Disaffirmance: On the merits, Facebook argued that the minors could not disaffirm the contracts to purchase credits because they continued to use Facebook and thus continued to avail themselves of the benefits of the agreement. Facebook also pointed to provisions in its current terms of service that shifted responsibility for any purchases to the minors and their parents. The court rejects this argument for several reasons. First, it’s unclear from the face of the complaint that the minors continue to use Facebook. Second, the terms cited by Facebook were not in effect at the time the minors were said to have made the purchases. The terms were revised after 2011, the date the purchases were made, and the court says there’s a reasonable dispute about whether the plaintiffs even viewed the revised terms. Finally, the court says that the minors are seeking to disaffirm a discrete transaction, so their continued use of the site is not dispositive.

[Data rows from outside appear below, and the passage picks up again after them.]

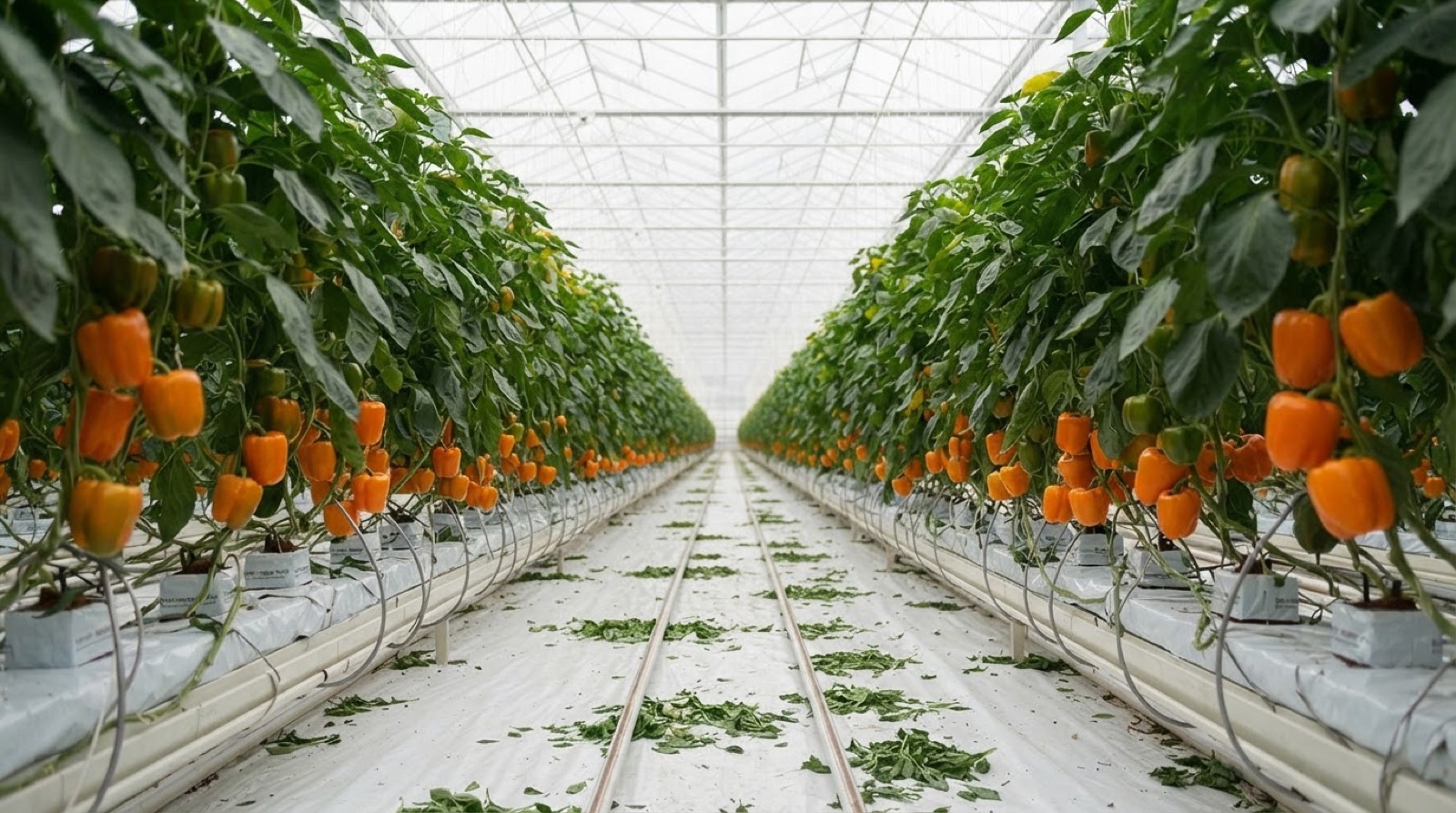 Orange Bell Peppers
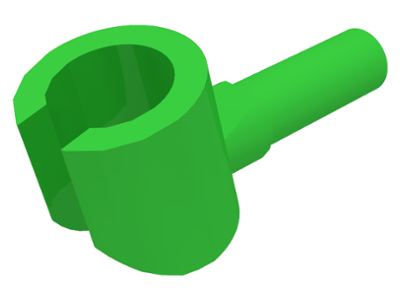 LEGO 983 Hand in Bright Green - Authentic LEGO Part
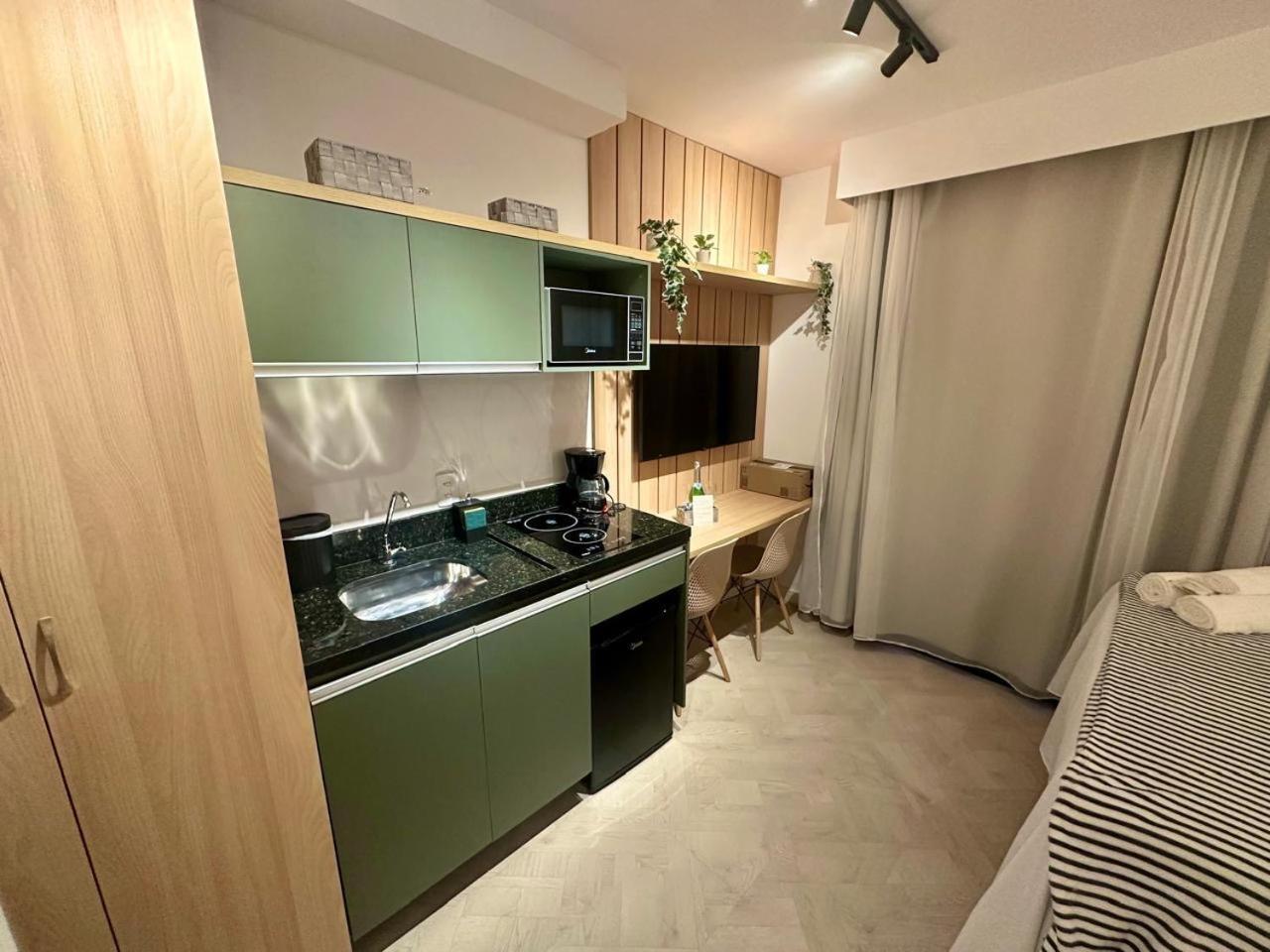 Apartment Moderno Estudio Em Bela Vista, Prox A Paulista, Hospitais, Bares E Metro Sao Paulo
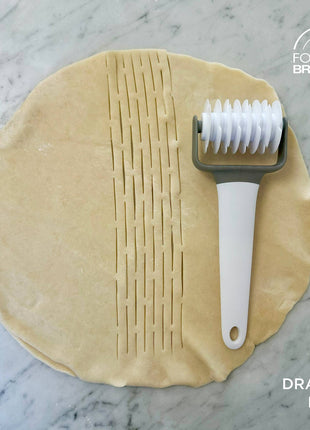 Fox Run Pastry and Pasta Wheels, Set of 5 Dough Cutter Tools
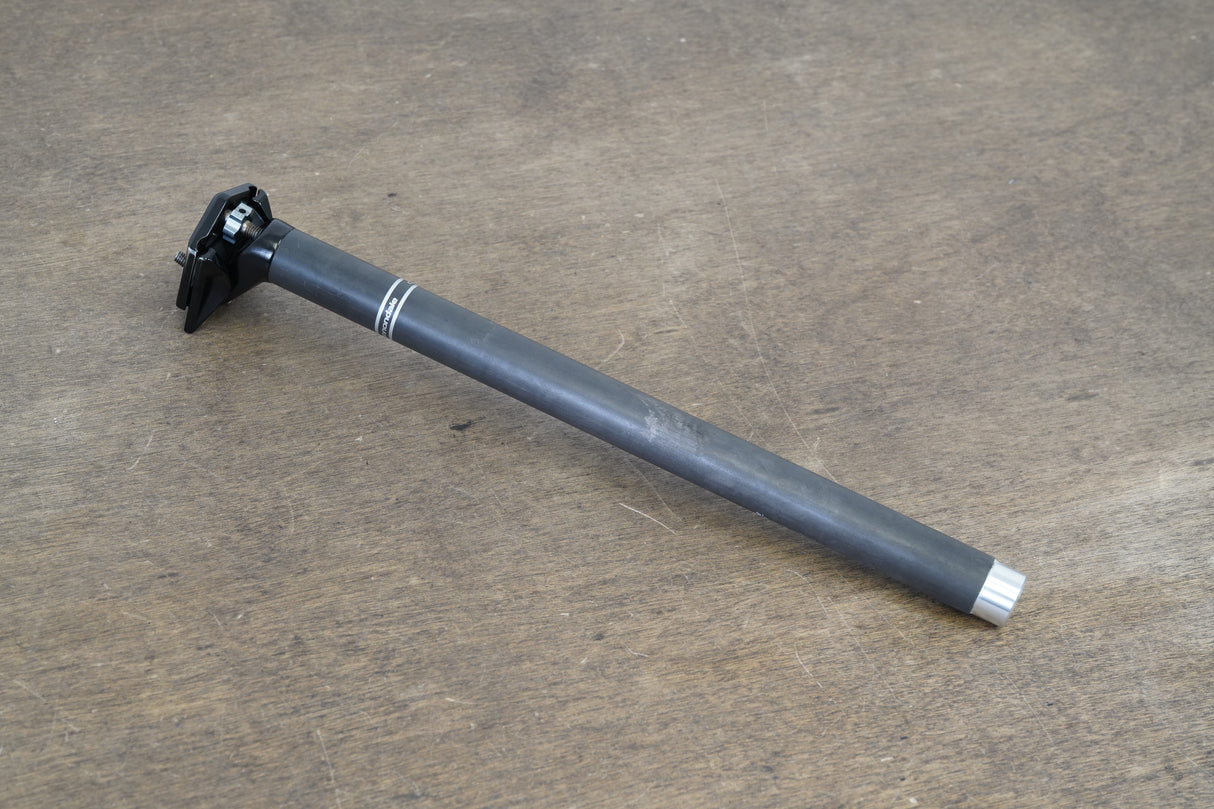 25.4mm Cannondale C2 Carbon Alloy Setback Road Seatpost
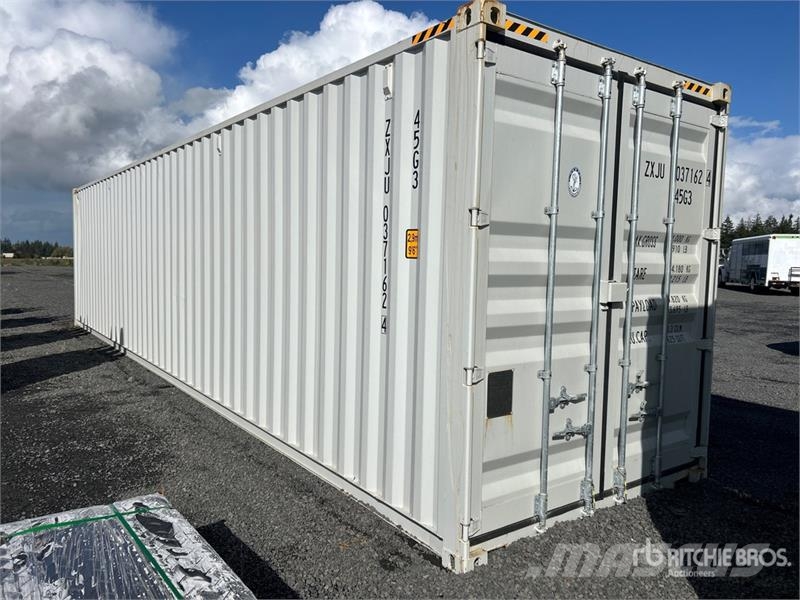 40 ft High Cube Multi-Door Storage Container Uzglabāšanas konteineri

EFTA-based causes of action: One of the named plaintiffs brought claims under the Electronic Funds Transfer Act. The first provision mandated certain types of disclosures, and the second set forth limits on a consumer’s liability for certain unauthorized transfers. The court says neither of these claims work because they both rely on provisions that apply to “financial institutions,” and Facebook does not fit the definition.
Unfair competition (UCL) claims: The court previously allowed part of the claims under California’s unfair competition statute to proceed. However, this time, Facebook raises a standing argument and the court agrees. The minor plaintiffs did not use their own money to purchase the credits, and their request to disaffirm the agreement does not allege any economic harm to them. The minor plaintiffs thus do not have standing under the UCL. The adult plaintiffs also do not have standing under the UCL:
The losses they suffered derive, at bottom, from the unauthorized use of their credit cards by the minor Plaintiffs.
The court whittles down the lawsuit significantly, but the core part of the lawsuit—the claims based on uncertainty around treatment of agreements entered into by minors—survives. The ruling does not break any new ground, save for the EFTA ruling, which adds some clarity to the obligations of entities who traffic in virtual currency, such as Facebook. In any event, the case continues to be a thorn in Facebook’s side. This summer Apple settled claims based on minors’ in-app purchases. It’s unclear whether this ruling changes things and will spur a similar settlement.
Eric’s Comments: In addition to the legally vexing issue of kids making Internet purchases, there are a couple of oddities about this opinion. First, the court says Facebook isn’t a “financial institution.” That may be correct under the EFTA’s statutory definition of the term, but in the lay sense of the term, there’s no doubt Facebook credits are a form of digital currency. It might be a good example of the definitional difficulties distinguishing the borders of a “financial institution.”
Second, the court’s UCL discussion seems to set up a Catch-22. The kids made the purchase with their parent’s money. This means the kids made the purchase but didn’t lose money because it was their parents’ money, and the parents lost money but didn’t make the purchase–so no one has standing under the UCL? It almost seems like an only-an-argument-a-lawyer-could-make that’s too clever by half, but it worked here.